Mods: To whoever went and downvoted both of my posts... none of the moderation options include "I agree with this" or "I don't agree with this" or "I don't like the implication of this" and that's for a good reason. When you're moderating, you should simply be filtering out *low quality* posts. There was nothing about my posts that was low quality. The posts stated an idea in a well reasoned way. If you disagree, you can post yourself and point out where you think the reasoning went wrong, or where you think the axioms I used were wrong, but moderating a post down just because you disagree is a misuse of the moderation function.

Comment Re:Is it the end of the world or not? (Score 2) 51

No, I would say... we were inadvertently cooling the North Atlantic with ship emissions, and when we stopped (due to more stringent international emissions standards) then we saw a jump in water temperatures in the ocean. So we're already geo-engineering. Some of it adds together, and some of it reduces the effect of other geo-engineering effects. If we're doing it anyway, and there's zero chance we're "just going to stop" then we need to get better at it.

Comment Re:Is it the end of the world or not? (Score 2) 51

I don't understand your logic. We had a huge eruption of Mount Pinatubo back in 1991. I was in high school and remember the effects that year. It had a really big impact on global weather patterns including dropping the temperature significantly, but it certainly didn't "kill a lot of flora and fauna." Yes, there was a lot of local damage around the volcano, but that was due to the ash.

We could just build more fission nuclear reactors (and we are now, finally).
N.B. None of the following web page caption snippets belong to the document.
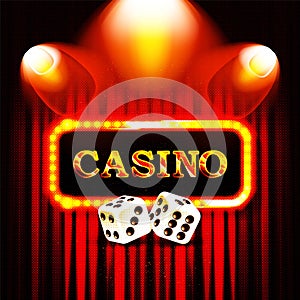 Casino word on banner with red curtains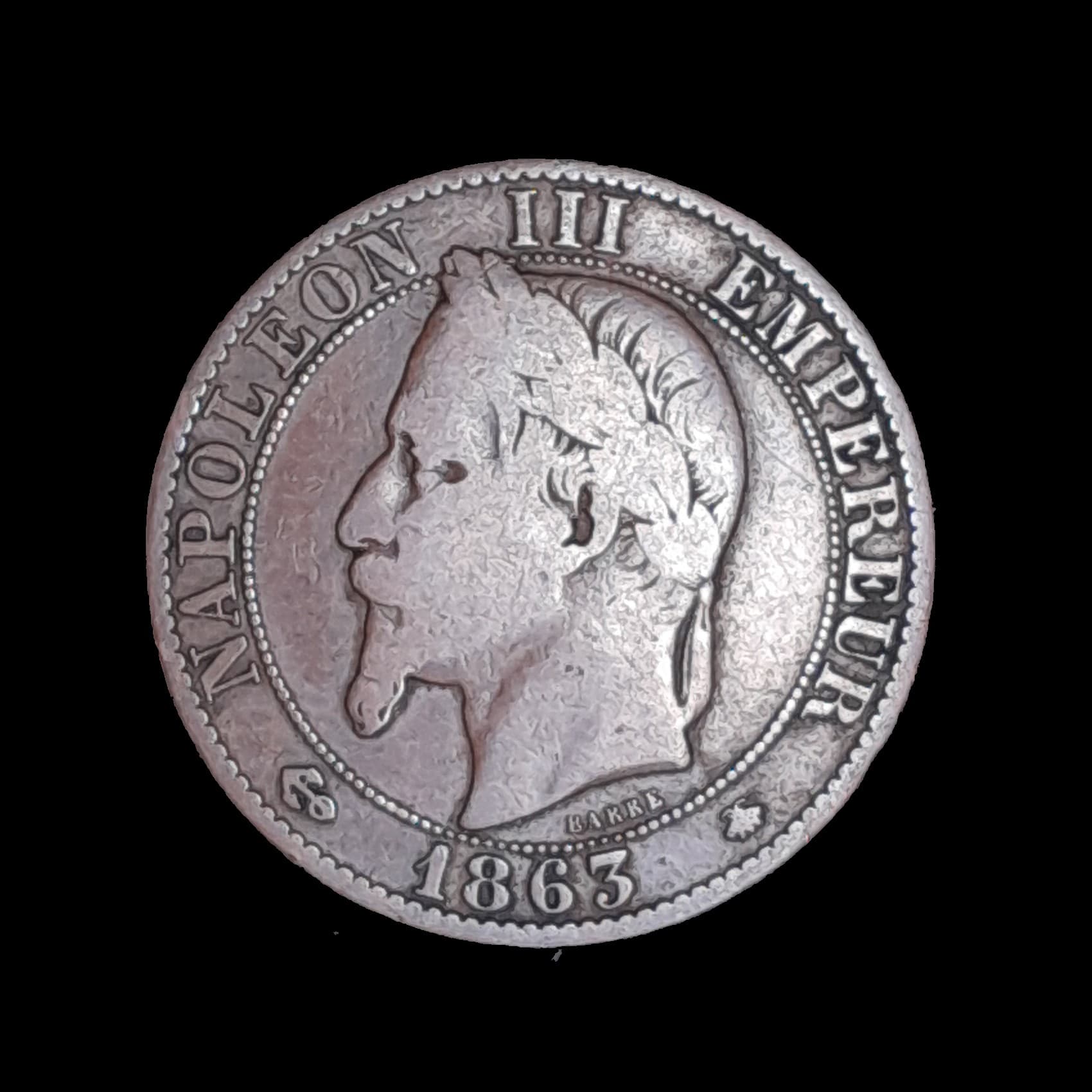 Francia 5 Centimes 1863 A MB KM 797 Napoleón III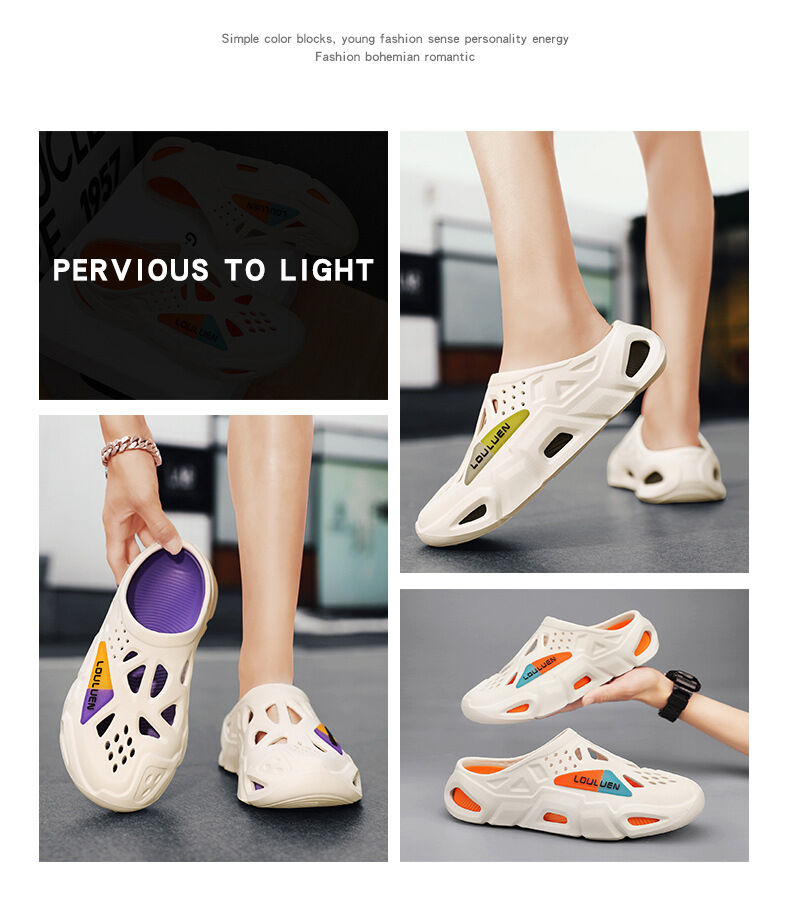 Men's Summer EVA Crocs with 3 Color Options - Breathable, Non-Slip, Comfortable Beach & Casual Sandals(white&purple-38-39) โ image 2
Fusion is still decades away, even though they've made a big advance recently due to more efficient super-conducting magnets. And renewables really need better energy storage solutions to really increase adoption.

The fact is that with deglobalization and the fall of global institutions, every country now has to guarantee its own energy independence. In the US, that's shale oil (and natural gas). In China that's coal, since almost all of their oil has to be imported from the middle east, and China has a ridiculous amount of coal. Europe would love to switch to renewables, but let's face it, they need to spend money on their military right now, and won't be able to afford subsidizing solar panels in countries where the sun hardly shines.

The problem isn't going away.

Do you have an actual workable idea, or are we all just supposed to lay down and die? You can do that if you want. The rest of us are going to work the problem.

Comment Is it the end of the world or not? (Score 2) 51

I would much rather we just cut fossil fuels and replace them with carbon-neutral or carbon-negative technologies, but given the political reality, there's no way that's going to happen soon enough, even if we outlawed the use of geoengineering. So given that reality, is this an existential threat to humanity or not? Because if it is, then it's better to roll the dice on geoengineering than watch the end of the world, right? I believe the climate scientists when they tell me climate change is an existential threat, but it's also the climate scientists who say, "no, it's not that bad yet" when you bring up geoengineering. So which is it? And given that we're definitely not going to cut emissions in time, wouldn't it be better to buy ourselves some time before we hit those tipping points we keep hearing about?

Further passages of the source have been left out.